Though it literally translates to “heart of banana,” puso ng saging is technically the banana blossom or bud. Known as “banana bell” in Australia, and “plantain flower” in Sri Lanka, the blossom protects the sterile male flowers of the banana plant, and is found hanging at the end of the stem that holds the banana cluster. The actual heart of the banana is located at the center of the tree trunk.
HOW TO PICK The bloom is available all year round, and is normally harvested as soon as the banana fruit forms. Price points range from P12 to P20 per bud at most supermarkets. One bud usually weighs around half a kilo. To ensure freshness, pick those with a bright shade of crimson or maroon, and a faint sweet fragrance. Also, look for the banana blossoms that come from the plantain variety—these supposedly boast the best flavor and texture.

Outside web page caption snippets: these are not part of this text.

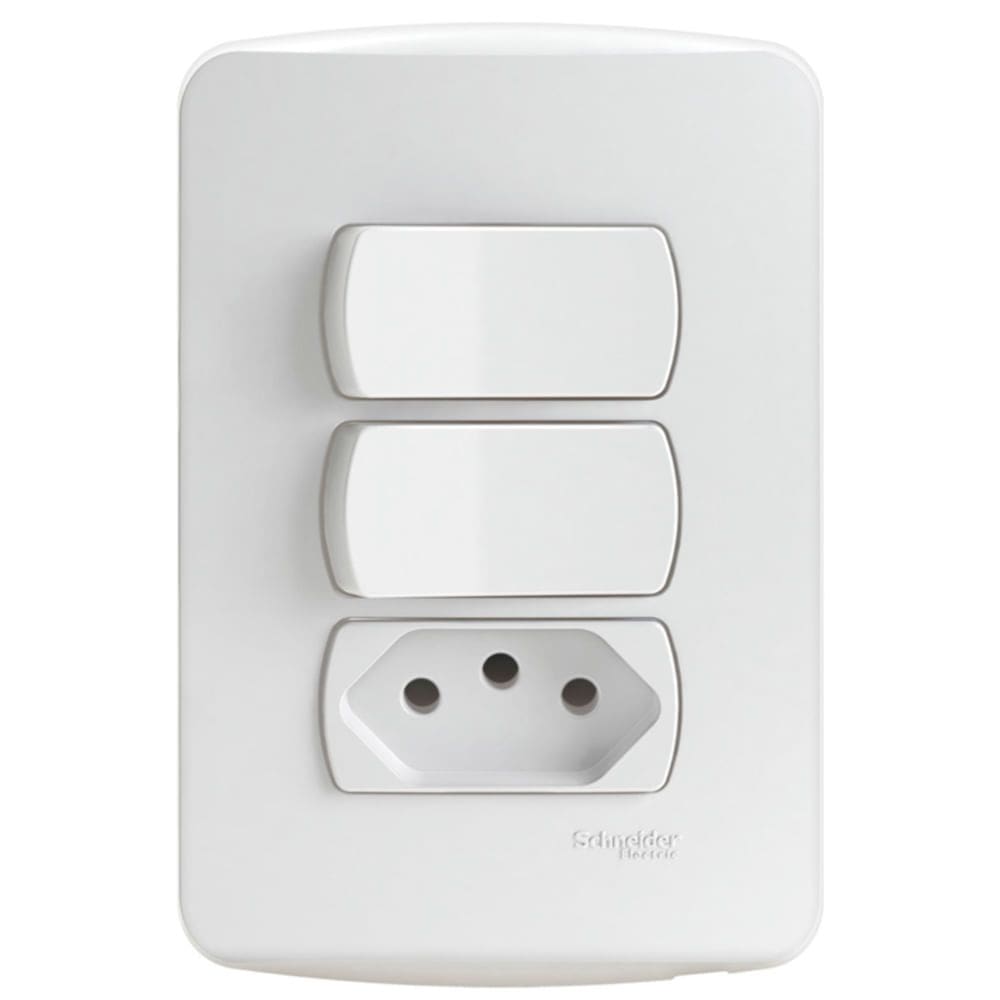 Conjunto 2 Interruptores Simples + 1 Tomada 2 Pinos + Terra 10 Amperes 250 Volts - S3B69050 - SCHNEIDER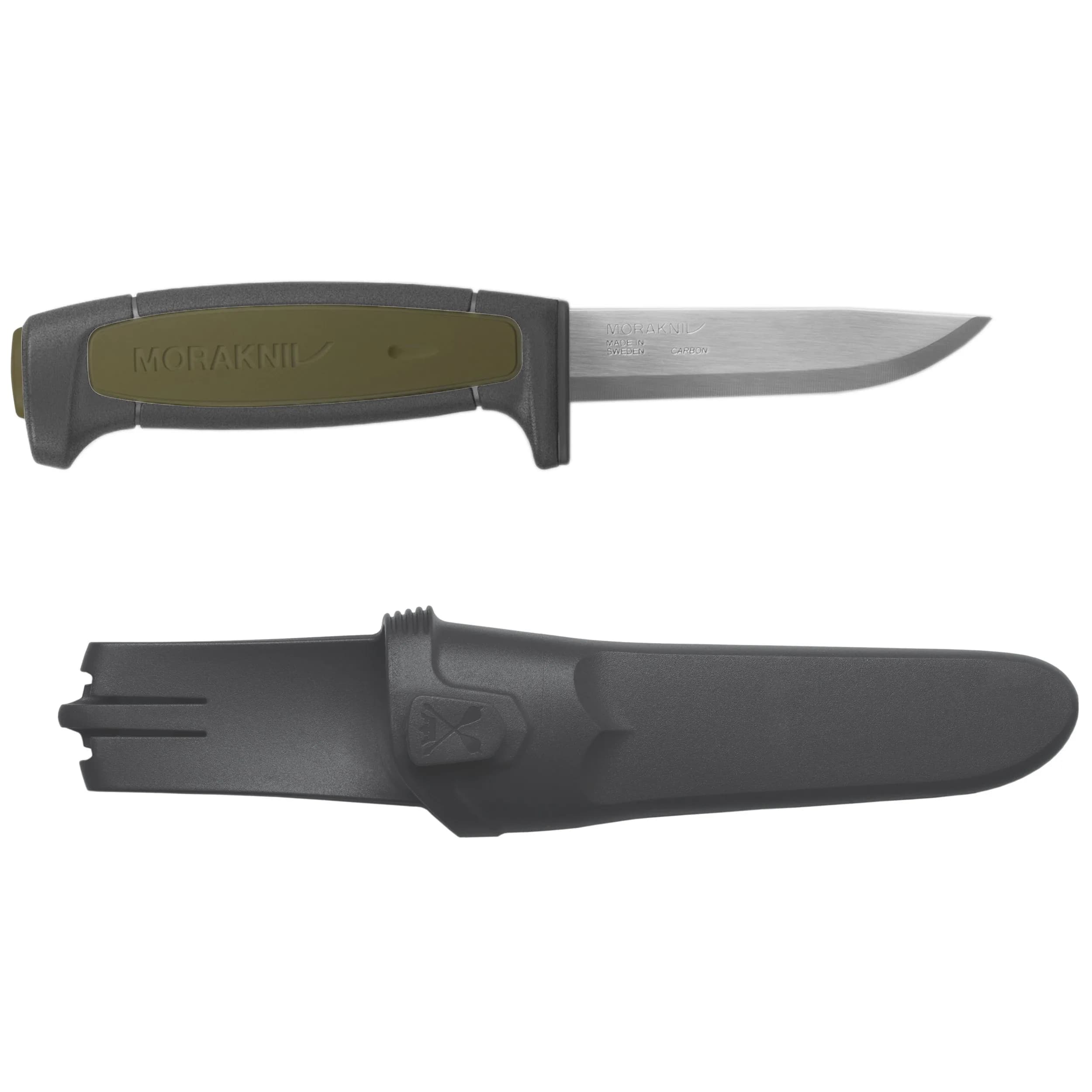 Morakniv Basic 511 Fixed-Blade Knife - Black/Green Handle, 9.1 cm High Carbon Steel Blade - main product image
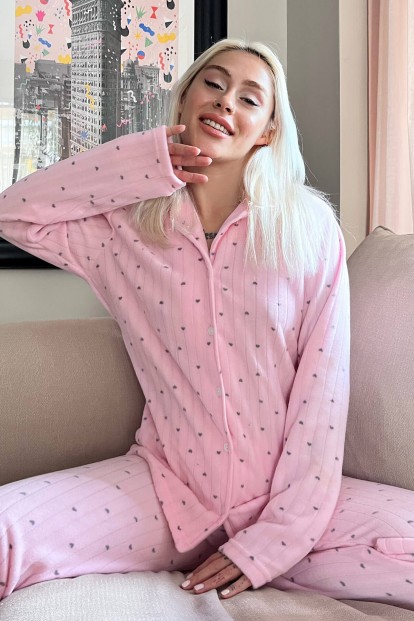 Açık Pembe Kalp Desenli Önden Düğmeli Peluş Polar Pijama Takımı 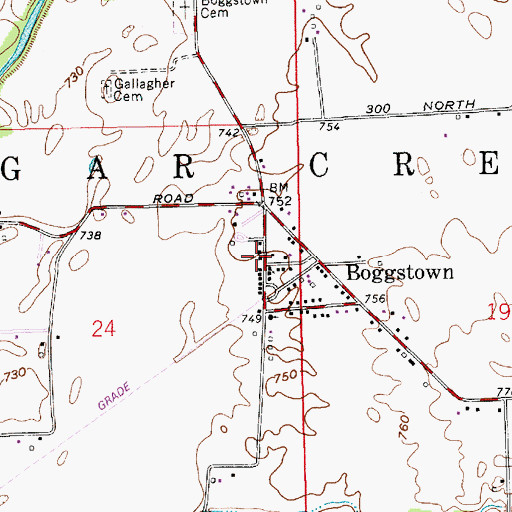 Topographic Map of Boggstown, IN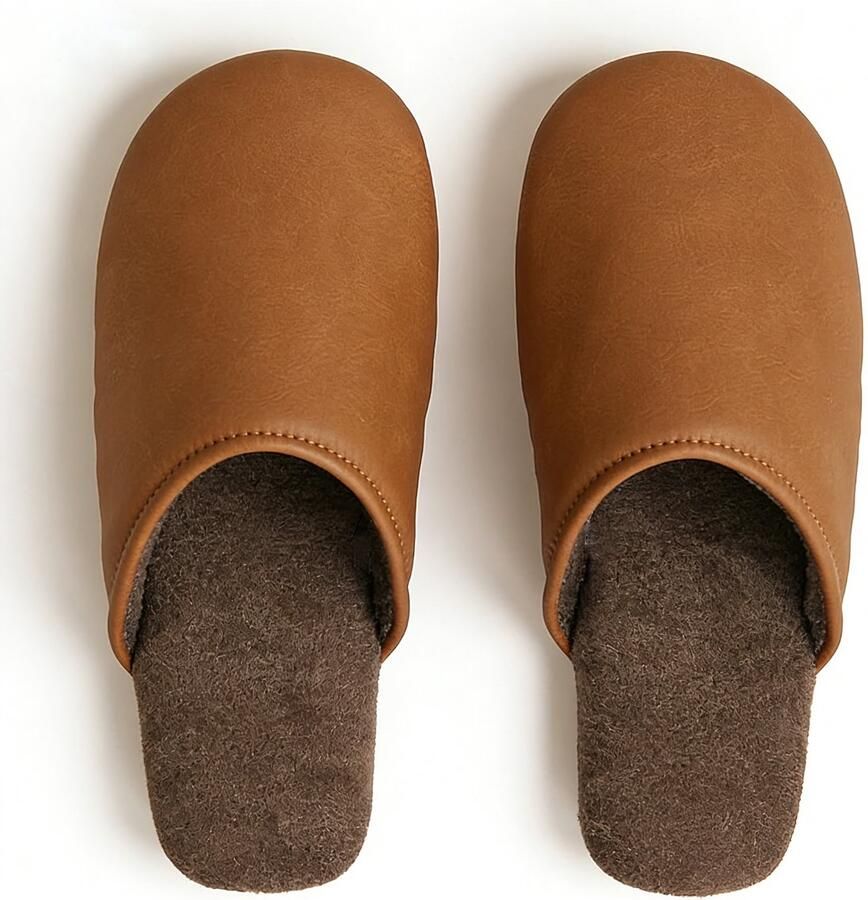 Arvida Pantoffels s-Luxe Lederlook Pantoffels Waterafstotend & Antislip Warme Winter Sloffen slippers heren&slippers Bruin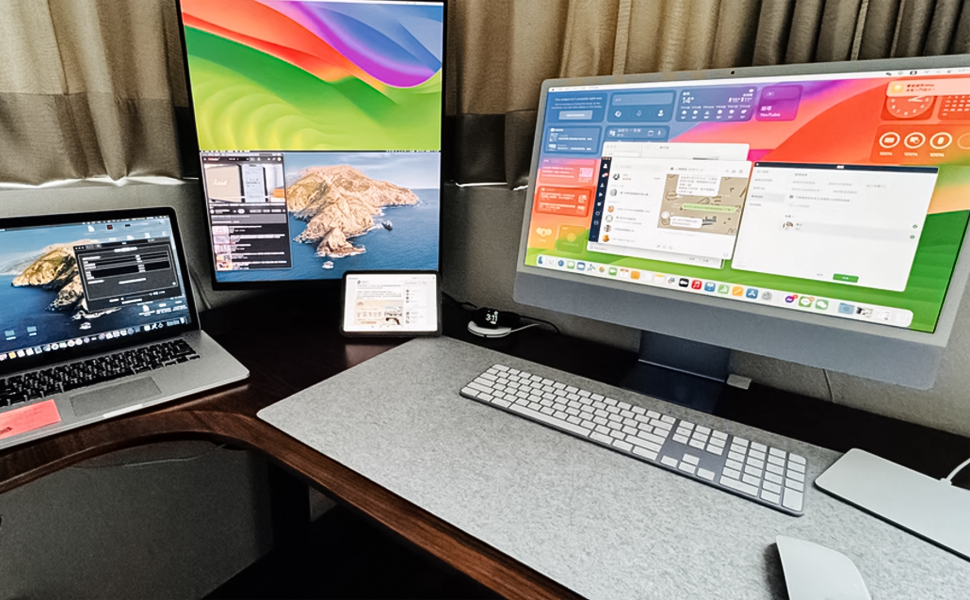 Підкладка під мишу з фетру 60x30 см, велика, сіра - захист столу та органайзер для дому та офісу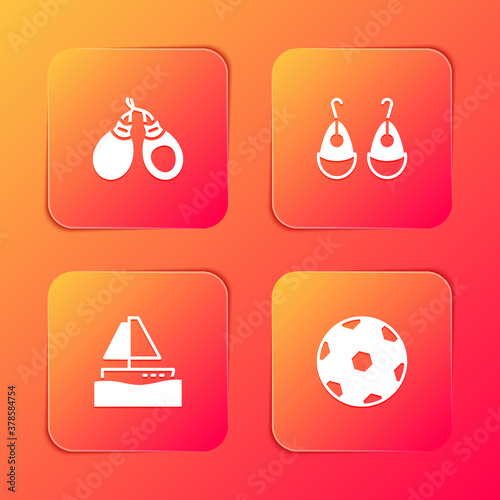 Set Castanets, Earrings, Yacht sailboat and Football ball icon. Vector.
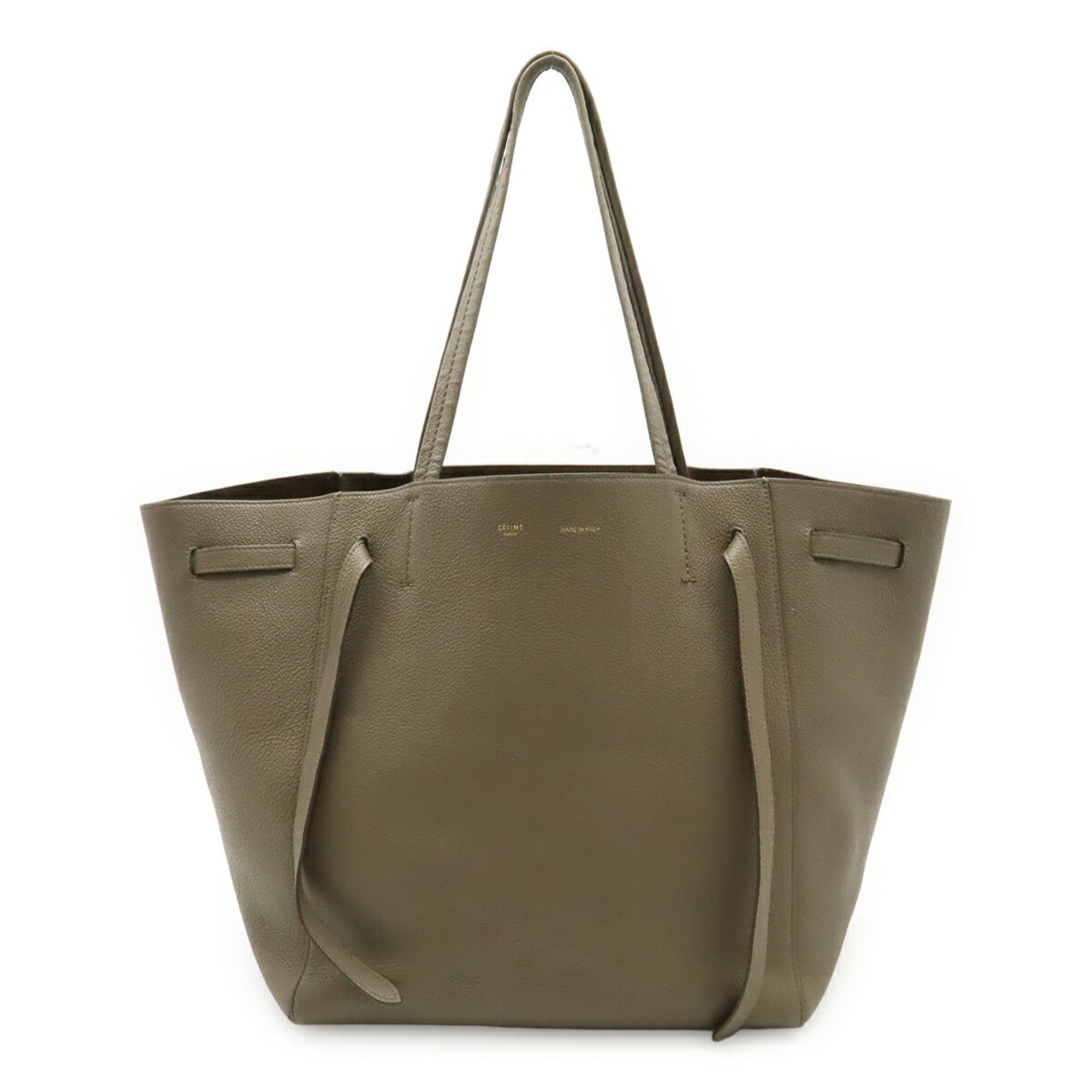Celine CELINE Cabas Phantom Small Belt Tote Bag Shoulder Leather Taupe Greige Size ONE SIZE - 1 Thumbnail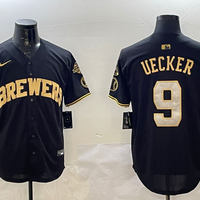 Men's Milwaukee Brewers Bob Uecker #9 Black Replica Player Jersey1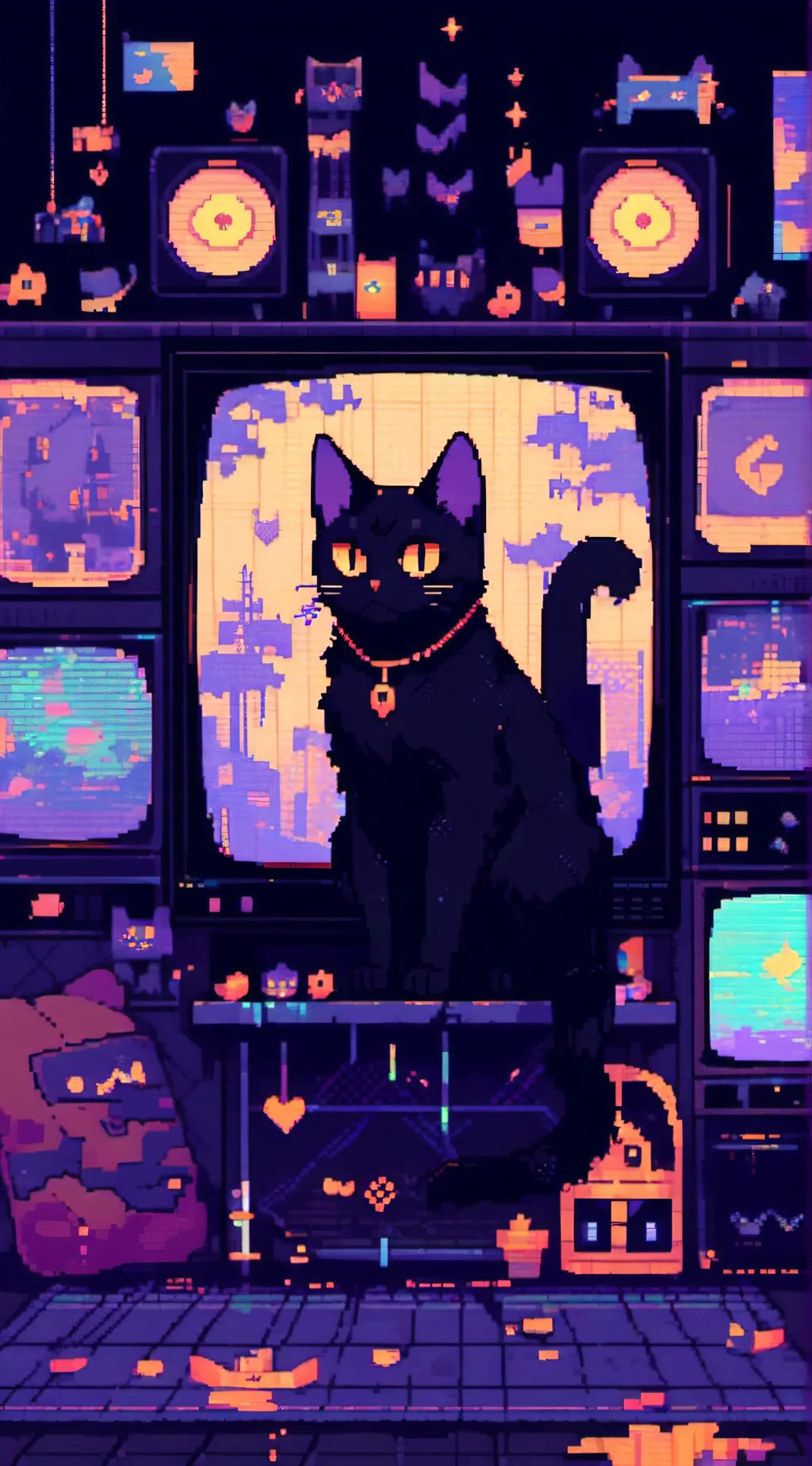ai character: cinema cat!  background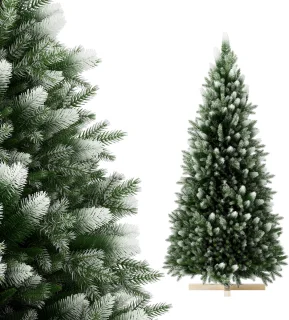 PVC Kunstkerstboom 150 Cm Met Houten Voet - Grote Realistische Kerstboom Met Sneeuwspray, Stevig Houten Voetstuk, Feestdecoratie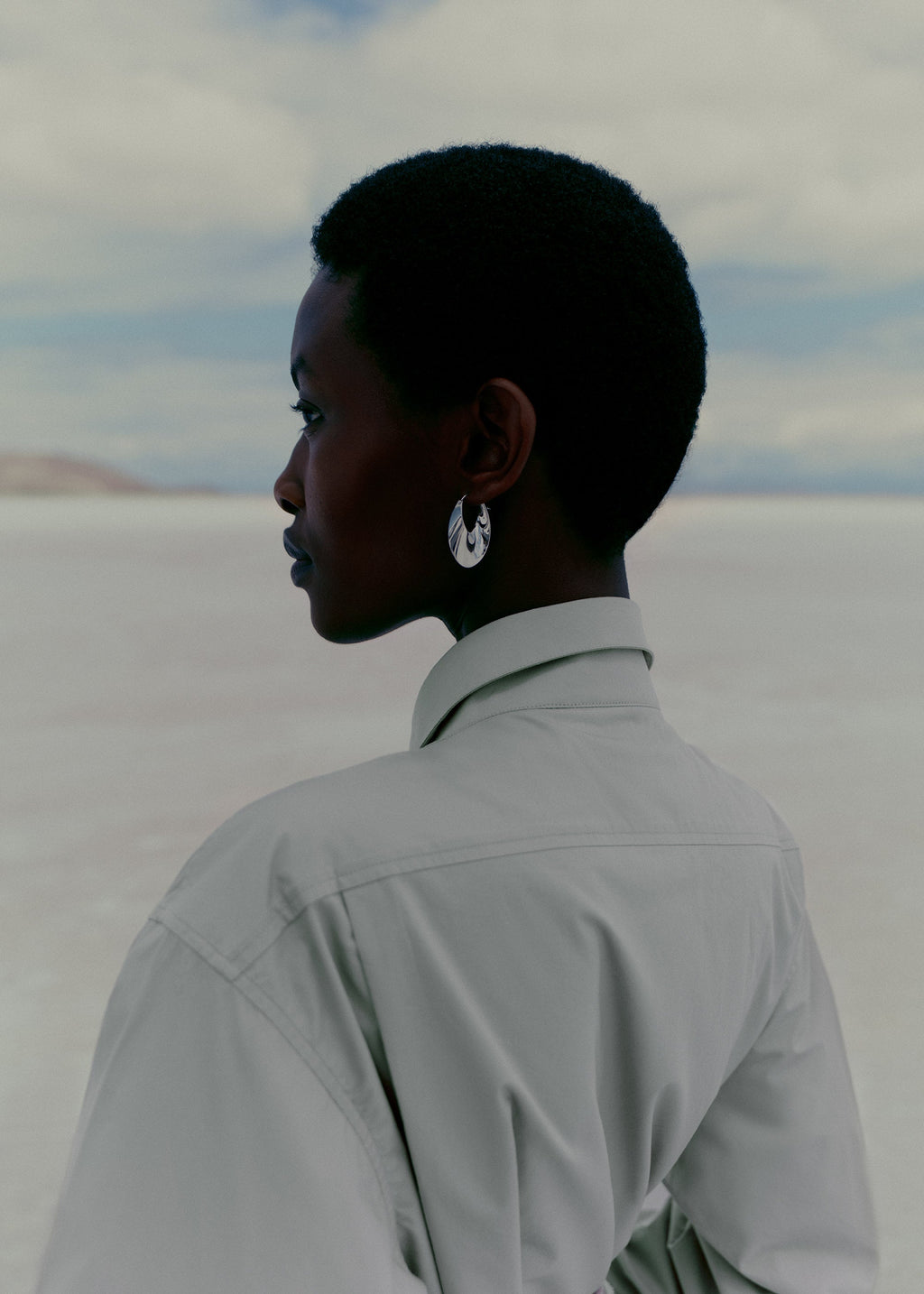 Éole Slim Hoop Earrings - Silver in rhodium-plated brass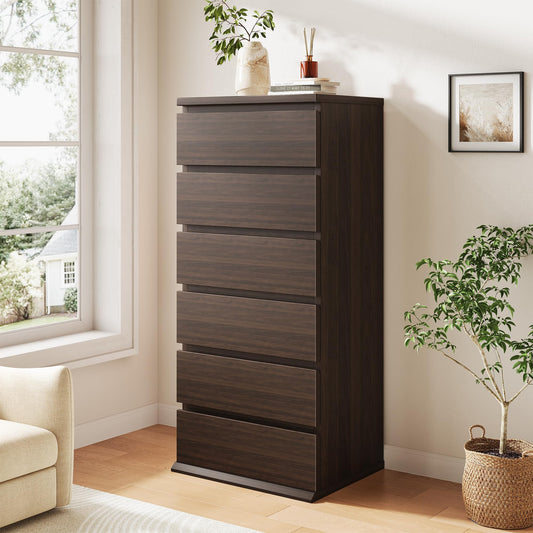 Brown Dresser, 6 Drawer Dresser for Bedroom, Wooden Chest of Drawers with Handleless Drawers, 19.7" W x 15.7" D x 47.2" H Vertical Tall Dresser, Storage Dressers for Living Room, Hallway and Office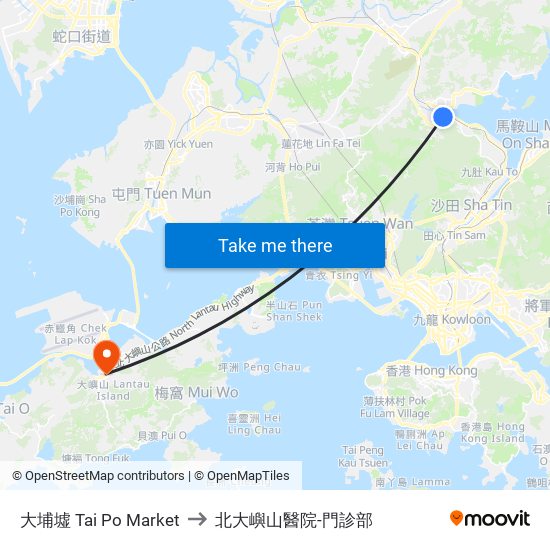 大埔墟 Tai Po Market to 北大嶼山醫院-門診部 map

HOW TO STORE Most buds are wrapped in plastic to keep them from drying out. If you’re not cooking the banana blossom right away, store in refrigerator’s vegetable crisper with plastic wrapping intact. This will keep it fresh for 3 to 4 days.
HOW TO PREPARE The banana blossom is a staple in kare-kare, kilawin, paksiw na baboy, and, needless to say, ginataang puso ng saging.
To prepare, unwrap the tough bract (red covering) to reveal the layers of flowers and cone-shaped yellowish bud. Wash and steam this inner portion for around 20 minutes, and let cool before slicing. You may heat flowers and bud in a microwave, too. If you’re using the flowers, don’t forget to slice off the top to remove the stamen.
A great amount of dagta or plant sap is concentrated in the heart. Before handling the blossom, it is best to wear disposable plastic gloves to keep the sap from sticking to your hands. Soaking the bud in water and squeezing out the sap can lessen—not eradicate—the stickiness. However, much of the sap will eventually seep its way out of the puso once the puso hits the cooking pan.